How We Build

Stackpoint's Venture Scorecard 

Stackpoint's Venture Scorecard 

Stackpoint team

·

Feb 7, 2025

2/7/25

Unlike some venture studios that launch dozens of companies annually, Stackpoint is a full-stack studio that takes a highly selective approach. We launch 3-5 ventures each year, focusing our resources on opportunities with the highest probability of success. Every venture we pursue goes through a rigorous evaluation process across five key dimensions to ensure it has real market potential, strong differentiation, and a clear execution path.

📚 Background Context

Before committing resources to any idea, we establish a comprehensive foundation of research and validation. This includes deep analysis of market trends, existing solutions, customer behaviors, and competitive dynamics.
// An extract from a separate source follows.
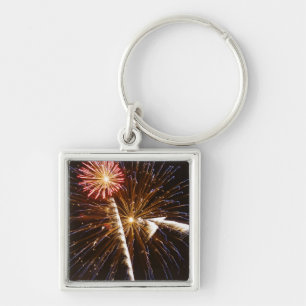 Feuerwerk über dem Savannah River Schlüsselanhänger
We often begin with exploratory work - leveraging our industry expertise, conducting focused customer conversations, and analyzing market data to determine if there's a compelling opportunity worth pursuing. Through our discovery process, we continuously refine the venture's positioning to ensure strong alignment between market needs and our internal capabilities.

🎯 Problem Discovery

Checklist:

  • ✅ There is a clear problem or unmet need

  • ✅ Customers are highly motivated to solve this problem

The foundation of every successful business is a real, urgent problem that customers are actively trying to solve. We look for pain points where customers are already spending significant money or effort on suboptimal solutions. Through extensive customer interviews and market research, we validate both the severity of the problem and customers' willingness to pay for better solutions.

🤩 Solution Discovery

Checklist:

  • Value: We’ve identified a high-value solution that customers will love

  • Differentiation: Our solution will be clearly different and better than existing solutions / ways our customers currently solve this problem

  • Feasibility:

  1. We can build a “minimum lovable solution” with our current resources and desired launch -> independence timeline, including delivering real user value before or w/in a few months of launch

  2. Our “minimum lovable solution” can eventually be scaled (e.g., no hard technical, legal, regulatory, cost or market barriers)

  • Viability:

  1. We can imagine a credible path to attractive unit + company-level economics, including cost effective customer acquisition (relative to customer lifetime value)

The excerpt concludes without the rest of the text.